PT Pertamina (Persero) dan Chevron Corporation melalui anak perusahaannya, Chevron New Ventures Pte Ltd kerja sama untuk menjajaki potensi peluang bisnis rendah karbon di Indonesia. Kerja sama ini merupakan tindak lanjut dari penandatanganan Nota Kesepahaman (MoU) oleh Direktur Utama PT Pertamina (Persero) Nicke Widyawati dan Executive Vice President Business Development Chevron Jay Pryor di Washington DC, Amerika Serikat pada Kamis (12/5).

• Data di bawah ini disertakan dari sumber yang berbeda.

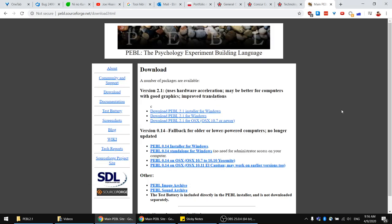Hello everyone, this is Mohamed and I'm here to explain how to use Peeble, the psychology experiment building language, along with an experiment that I developed which is SPAM.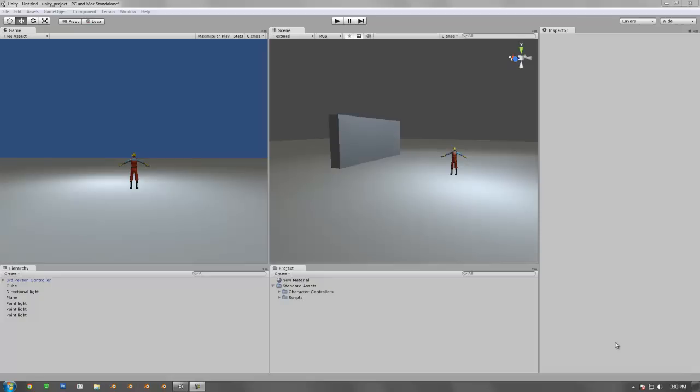Hello everyone and welcome back to Unity Cookie. My name is Justin and today's tutorial is going to be all about projectors.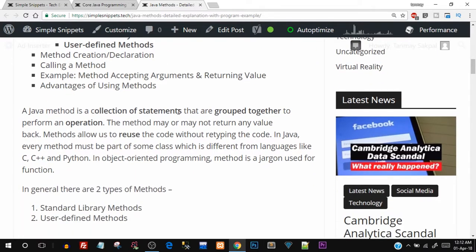A Java method is a collection of statements grouped together to perform a particular operation. For example, if you want to perform addition of two numbers, you'll need statements for taking input, performing the addition, and showing the output — around three to four statements. You club those statements, create a method, give it a name, and then use just that name to call all those statements. The method performs the addition and returns the value for you to display. Basically, it allows us to reuse code without retyping it every time.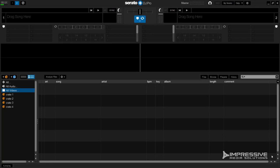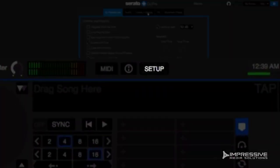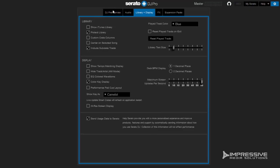With Serato open, head over to the setup menu. In DJ Pro it's the gear icon on top, and in previous versions it's just the word setup. Once you're in, click the Library Plus Display menu.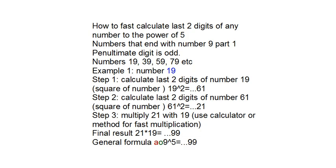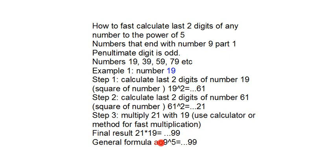The general formula is in this way. Number A is the number before penultimate digit. This could be number 0 or any natural number. Number O is the penultimate digit, and number 9 is the last digit. The O to the power of 5 ends with last digit 99.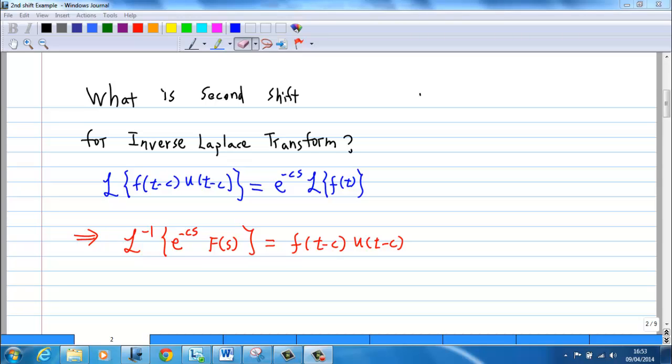Reversing the process, the inverse Laplace transform of e^(−cs) · F(s) is equal to f(t − c) times the unit step function u(t − c).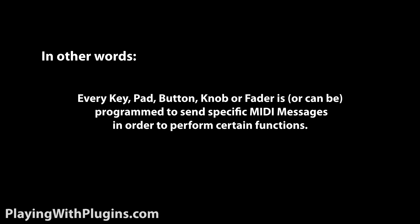To really dumb it down, when I hit this key, push this button, or turn this knob, this happens.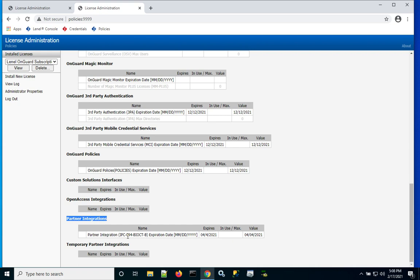In this case, I'm showing BioConnect, which happens to be SKU IPC 94. And as you can see, it is indeed licensed at least until April of 2021.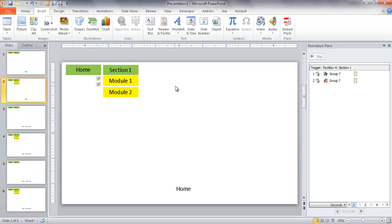Press Escape to exit the slideshow. This becomes our template, and we can add content slides in between the navigation slides. I hope that helps — thanks for watching.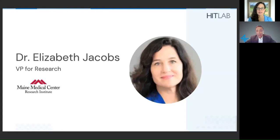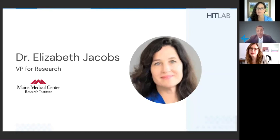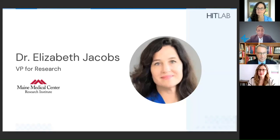On behalf of HIT Lab and all the attendees, thank you for taking the time to walk us through this important area. We look forward to catching up with you at a future session and having a longer conversation to walk through all these different parts. Thank you again.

Kedua perusahaan berencana untuk mempertimbangkan teknologi panas bumi baru (novel geothermal); penyeimbangan karbon (carbon offsets) melalui solusi berbasis alam; penangkapan, pemanfaatan dan penyimpanan karbon (carbon capture, utilization, dan storage/ CCUS); serta pengembangan, produksi, penyimpanan, dan transportasi hidrogen dengan rendah karbon (lower carbon hydrogen). Kerja sama ini menjadi bagian dari upaya kedua perusahaan untuk mendukung target net zero emission Pemerintah Indonesia pada 2060. Pertamina sendiri berkomitmen meningkatkan bauran energi terbarukan dari 9,2 persen pada tahun 2019 menjadi 17,7 persen di tahun 2030. Indonesia, sebagai negara kedua terbesar yang memiliki kapasitas terpasang panas bumi telah mengembangkan geothermal sejak 1974.

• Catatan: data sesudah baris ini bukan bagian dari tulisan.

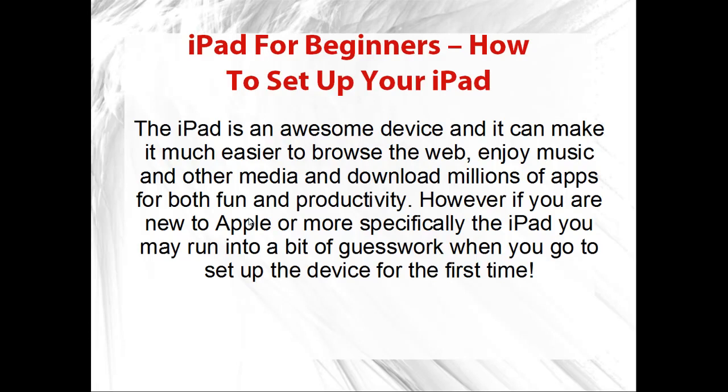iPad for beginners: How to set up your iPad. The iPad is an awesome device and it can make it much easier to browse the web, enjoy music and other media, and download millions of apps for both fun and productivity.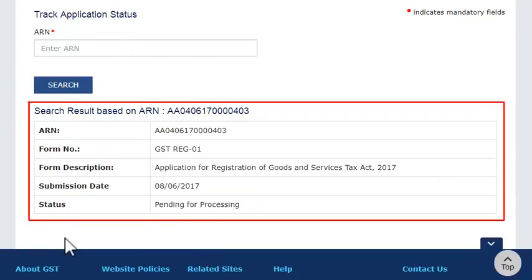The status of your application associated with that particular ARN will get displayed. This was one way of doing it. Now let's see the steps of viewing the application status using a TRN.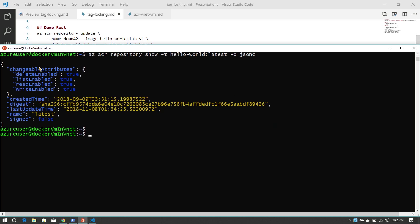You'll notice that for changeable attributes, there's a set of them and they're all set to true. So all options are possible.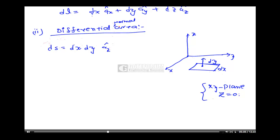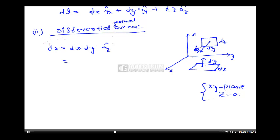Similarly, for the YZ plane (x = 0), with sides DY and DZ, the perpendicular vector is AX, so DS = DY·DZ·AX. For the XZ plane, with sides DX and DZ, the normal is AY, so DS = DX·DZ·AY. These are the differential surface areas.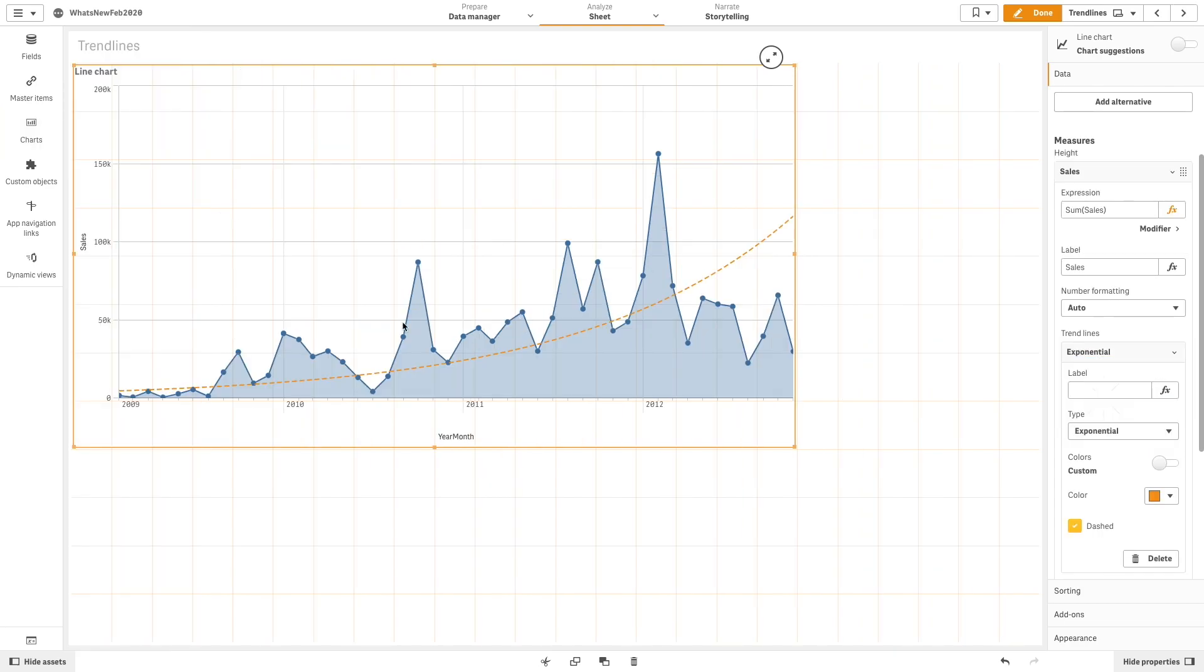An exponential trend line is a curved line used when data values rise or fall at increasingly higher rates.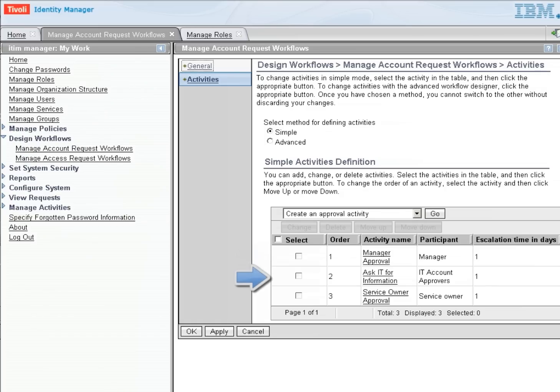Next, it will go to the IT group. And those people will all be pinged, saying there's a request. One of them will respond with the information. And then finally,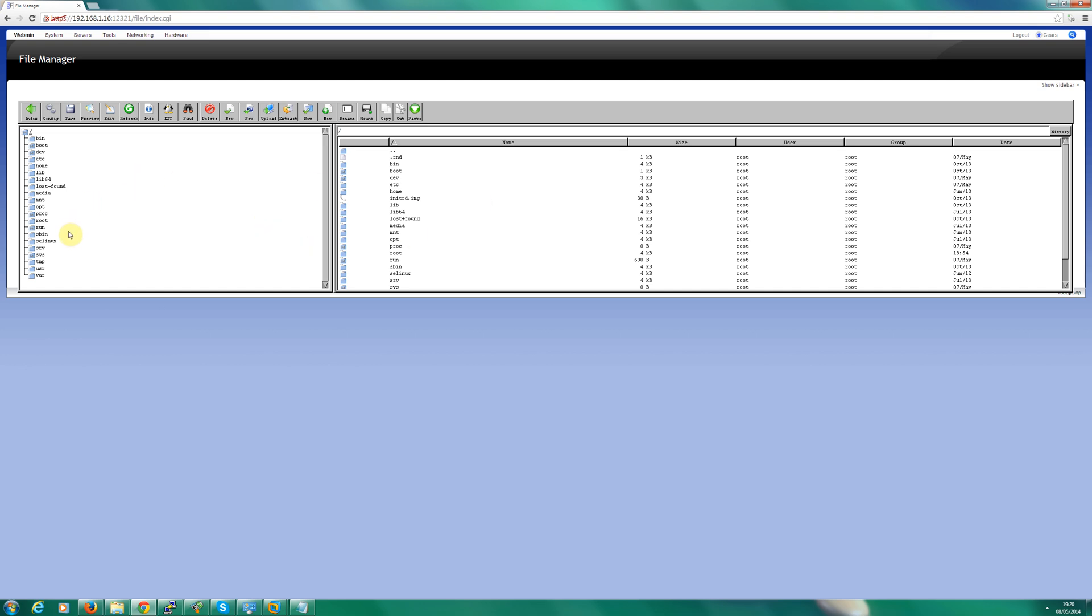So all you have to do is add whatever web application you're trying to run to the exception list and that will solve your problem. I hope that's helped. I'll see you soon. Bye bye.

Saat ini, melalui Subholding Power & NRE, Pertamina memiliki total kapasitas terpasang Geothermal mencapai 1.877 MW yang berasal dari 13 area kerja Geothermal, di mana 672 MW berasal dari area kerja yang dioperasikan sendiri dan 1.205 merupakan kontrak operasi bersama (joint operation contract/JOC). Area kerja yang dioperasikan sendiri dengan total kapasitas 672 MW tersebut mencakup Area Sibayak 12 MW, Area Lumut Balai 55 MW, Area Ulubelu 220 MW, Area Kamojang 235 MW, Area Karaha 30 MW, dan Area Lahendong 120 MW.